Milton Campos não as aprova nem desaprova, é o elemento moderado da turma e parlamenta com os ofendidos.
Essa vagabundagem lírica termina com um noivado. Para casar é preciso ter emprego; vai para Itabira com um lugar de professor de ginásio. De lá o faz vir Alberto de Campos, que o põe na redação do Diário de Minas. Para espanto geral, principalmente do pai, ele se mostra um trabalhador aplicado e excelente, Rodrigo M. F. de Andrade o recomenda a Chico Campos (secretário do Interior); trabalha na Revista do Ensino, faz a campanha da Aliança Liberal no Minas Gerais, depois vai ser oficial de gabinete de Cristiano Machado, com Gabriel Passos e Teixeirão. Nessa qualidade participa da revolução de 30, ajuda a vitória redigindo telegramas e transmitindo ordens; quando o 12º R.I. se rende, partem todos para Barbacena, Carlos tem uma pistola e um binóculo de campanha, entrada triunfal em Juiz de Fora, a Pátria está salva. Trabalha depois com Capanema, na secretaria do Interior e na Interventoria, mas quando Valadares é nomeado vai para os Diários Associados.

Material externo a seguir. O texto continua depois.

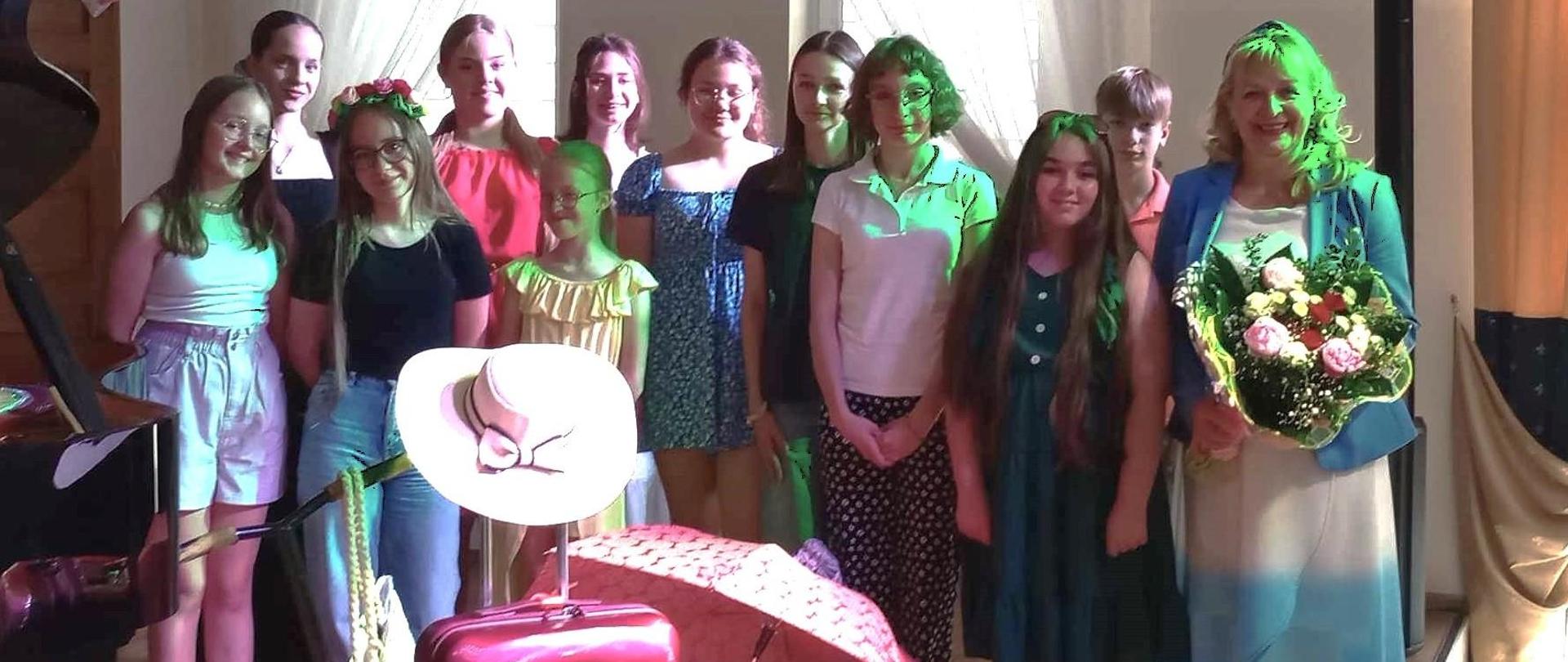 Zdjęcie zbiorowe na scenie przy fortepianie. Dziewczęta i chłopiec kolorowo ubrani stoją ustawieni w dwóch rzędach. Przed nimi walizki, klapki plażowe, piłka, hulajnoga. Nauczycielka trzyma w ręku kwiaty.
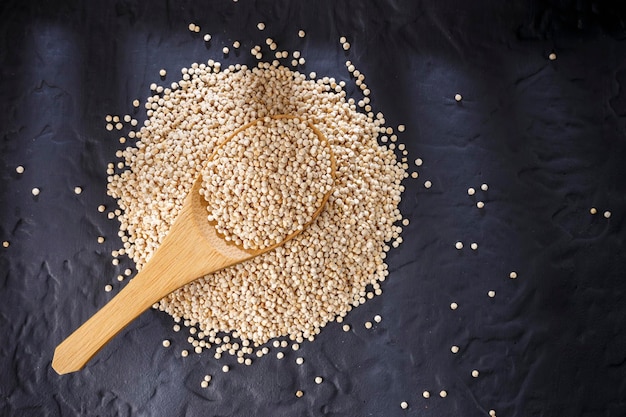 Grains de quinoa avec cuillère et bol sur fond noir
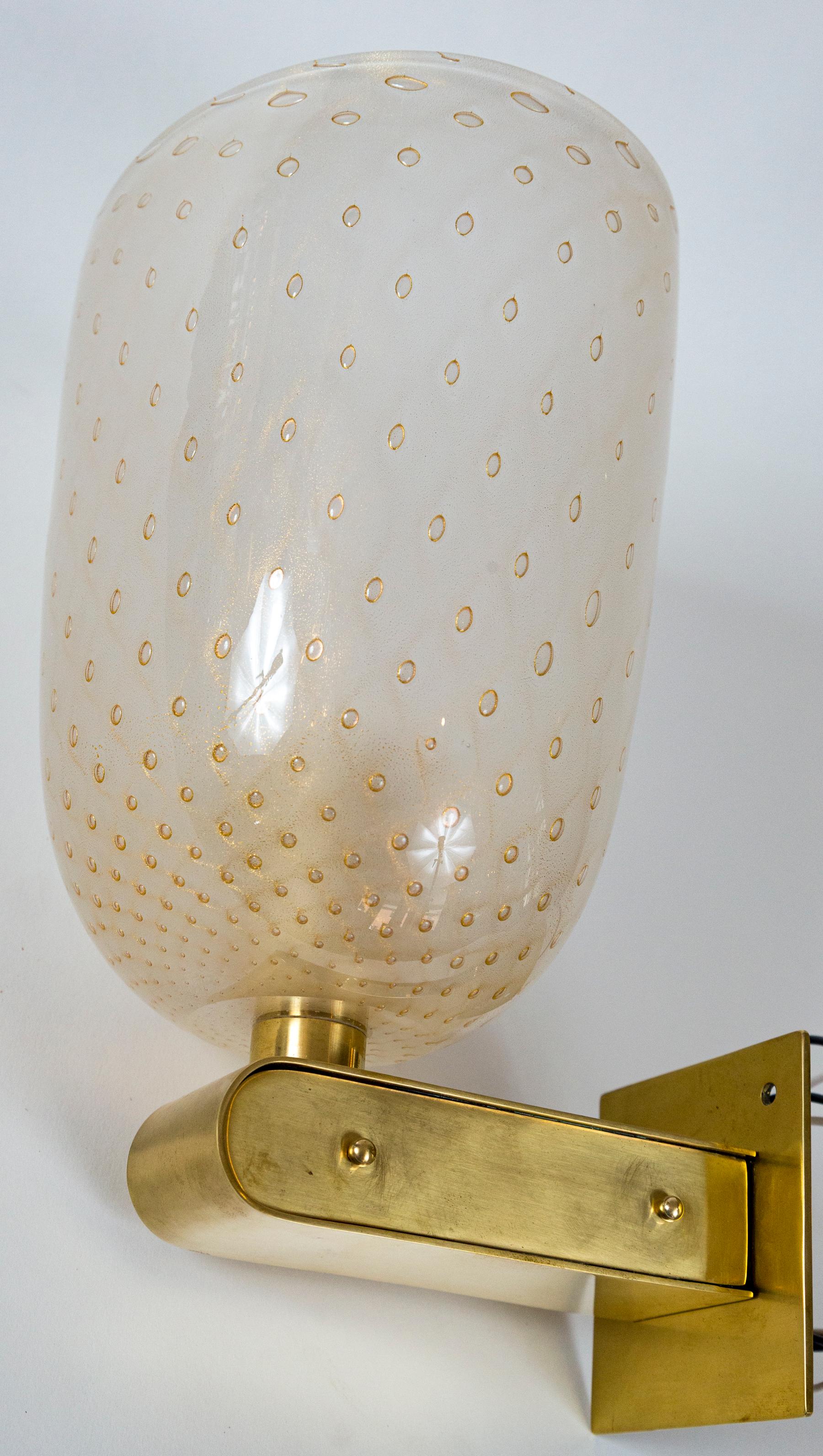 Pair of Murano “pulegoso” glass and brass sconces, modified art deco brass arm upholds a large handblown oval shape ivory blown glass cup with gold infused 23-karat gold bubbles.
Two pairs available, priced per pair
Origin: Venice, Italy
Dating:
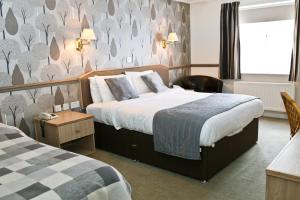 Postel nebo postele na pokoji v ubytování Millfields Hotel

Em 1934 Capanema é nomeado ministro, ele vem para o Rio e trabalhará com o amigo até 1945, quando sai de seu gabinete para não comprometê-lo por ter assinado um telegrama de protesto contra os tiroteios em que morreu o estudante Demócrito, no Recife. Visita Luis Carlos Prestes, entusiasma-se, é um dos diretores da Tribuna Popular, órgão comunista, onde fica 3 meses e mal consegue escrever 3 linhas; só há um diretor que dirige mesmo, é o que representa o Partido; o resto, inclusive ele, é apenas para enfeitar. Quando o PC fica ao lado da ditadura, Carlos deixa o jornal com uma carta, e em breve passará a ser atacado pelo partido, a que jamais pertenceu. Hoje é chefe da Seção de História da Divisão de Estudos e Tombamentos (diretor: Lúcio Costa) da Diretoria do Patrimônio Histórico e Artístico Nacional (diretor: Rodrigo) onde é considerado funcionário exemplar. Gosta do emprego porque só precisa lidar com igrejas e casas velhas; atualmente escreve crônicas (C.D.A.) na 4ª página do Correio da Manhã.
Sua carreira literária foi a princípio estimulada pela irmão mais velho, Altivo, depois sofreu grande influência de Alvaro Moreyra, mais tarde de Mário de Andrade, que em inumeráveis cartas criticava rigorosa e ternamente seus primeiros poemas. Publicou, em versos: Alguma poesia (1930), Brejo das almas (34), Sentimento do mundo (40), Rosa do Povo (45) e Claro Enigma (51) e em breve nos dará Poesias completas (na Zé Olympio, com uma parte de poemas inéditos) e Poemas traduzidos, além de uma possível História e antologia da Pedra no caminho com que se livra do recalque motivado por esse pequeno (e bom) poema de 1929 longamente gozado pelos antimodernistas. Publicou ainda O Gerente (45) que é uma novelinha, Confissões de Minas (44), crônicas, Contos de aprendiz (51) e Passeios na ilha (52), crônicas.
Teve um filho que logo morreu e uma filha, Maria Julieta, que considera sua crítica ais implacável e ao mesmo tempo compreensiva. “Juju” antes dos 20 anos publicou uma novela que espantou a crítica pelo segurança de estilo, depois casou-se com um argentino e foi morar em Buenos Aires, tem dois filhos. Pai, avô e até sogro extremoso, o poeta já foi lá três vezes, suas três únicas viagens fora da rotina Rio-Minas.
Tem vida muitíssimo recatada, dá a mão sem apertar, não gosta de conversar com ninguém na rua, e sua timidez orgulhosa lhe rende muitas antipatias; cultiva poucas amizades. Quando empolgado por alguma campanha é de uma espantosa atividade, intemerato, de um ardor místico; depois se enfurna em casa, na família e nos livros. Tem várias coleções de recortes sobre literatura e outros assuntos, ama fichários e dicionários, é organizado e altamente eficiente e bem informado. Já teve um livro de poemas traduzido em Buenos Aires e outro em Madri; e não esqueçamos de dizer que é um dos mais altos poetas desta nossa língua em todos os tempos.